SD-WAN has 4 objects:

  • SD-WAN zones

    SD-WAN is divided into zones. SD-WAN member interfaces are assigned to zones, and zones are used in policies as source and destination interfaces. You can define multiple zones to group SD-WAN interfaces together, allowing logical groupings for overlay and underlay interfaces. See SD-WAN zones.

  • SD-WAN members

    Also called interfaces, SD-WAN members are the ports and interfaces that are used to run traffic. At least one interface must be configured for SD-WAN to function; up to 255 member interfaces can be configured. See Configuring the SD-WAN interface.

  • Performance SLAs

    Also called health-checks, performance SLAs are used to monitor member interface link quality, and to detect link failures.
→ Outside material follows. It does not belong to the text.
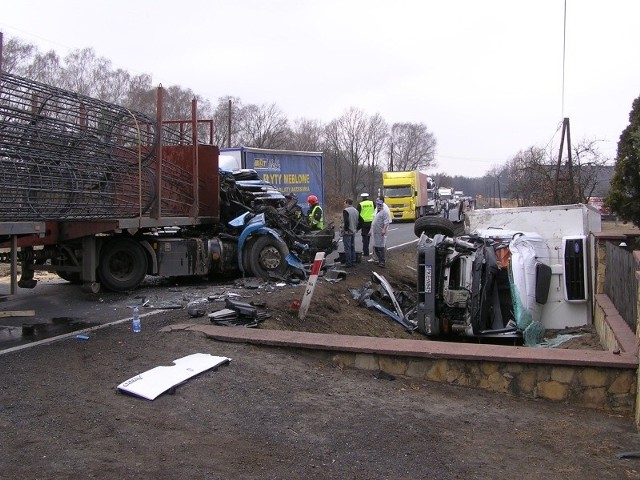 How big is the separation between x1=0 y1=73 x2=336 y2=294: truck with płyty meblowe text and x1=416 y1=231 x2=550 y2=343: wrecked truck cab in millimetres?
3322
They can be used to remove routes, and to reroute traffic when an SD-WAN member cannot detect the server. They can also be used in SD-WAN rules to select the preferred member interface for forwarding traffic. See Factory default health checks, Performance SLA - link monitoring, and Performance SLA - SLA targets.

  • SD-WAN rules

    Also called services, SD-WAN rules are used to control path selection. Specific traffic can be dynamically sent to the best link, or use a specific route. There are five modes:

    • auto: Assign interfaces a priority based on quality.
    • manual: Assign interfaces a priority manually.
    • priority: Assign interfaces a priority based on the link-cost-factor quality of the interface.
    • sla: Assign interfaces a priority based on selected SLA settings.
    • load-balance: Distribute traffic among all available links based on the load balance algorithm.

    See Implicit rule, SD-WAN rules - best quality, SD-WAN rules - lowest cost (SLA), and SD-WAN rules - maximize bandwidth (SLA).